Edwin Sifuna, the Nairobi Senator and secretary-general of the Orange Democratic Party (ODM), has emerged as the most conspicuous standard-bearer of a renewed wave of protest. Having survived an attempt to unseat him from his party post, an effort thwarted through recourse to the courts, he has since marshalled sizeable crowds in Kitengela, Kajiado. There, he castigated what he portrays as an unprincipled dalliance between elements of ODM and the ruling Kenya Kwanza administration of President William Ruto.
Sifuna stakes out a claim to the moral high ground, arguing that alignment with the governing coalition would betray ODM’s founding ethos. Yet ODM’s posture towards the government is, in practice, more ambiguous. Under the rubric of a 'broad-based government,' the party has entered into a working arrangement with Kenya Kwanza. Several Cabinet secretaries now advancing the administration’s agenda hail from ODM’s ranks.

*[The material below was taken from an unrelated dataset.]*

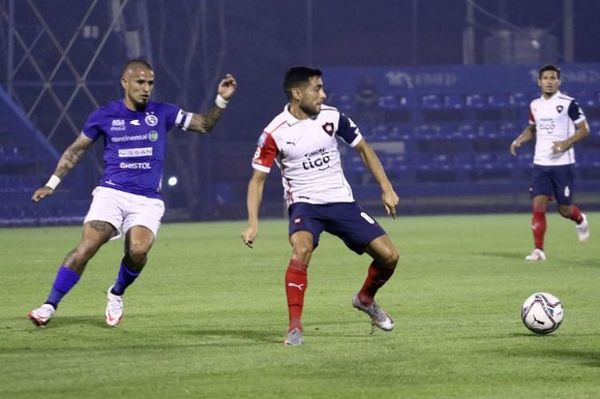 Copa Paraguay: Emparejamientos confirmados de octavos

The dispute has thus assumed the air of an intramural reckoning. What might once have been dismissed as routine factionalism is increasingly cast as a generational contest; insurgent young Turks challenging an entrenched Old Guard over ODM’s identity and over the proper distance between principled opposition and pragmatic power-sharing.
Sifuna risks drifting into political obscurity for three reasons. First, Kenya’s youthful exuberance is no guarantor of ballots cast. The country’s excitable young have proved far more adept at protest than at registering to vote, a mismatch that blunts insurgent campaigns.
Second, the national mood is defined by economic anxiety. Unless Sifuna can advance an agenda more compelling than that of William Ruto, who now promises to put money in citizen’s pockets, his appeal will falter. Third, high-stakes politics in Kenya demands tens of billions of shillings. Without deep-pocketed patrons, his campaign may exhaust both funds and momentum before the next poll.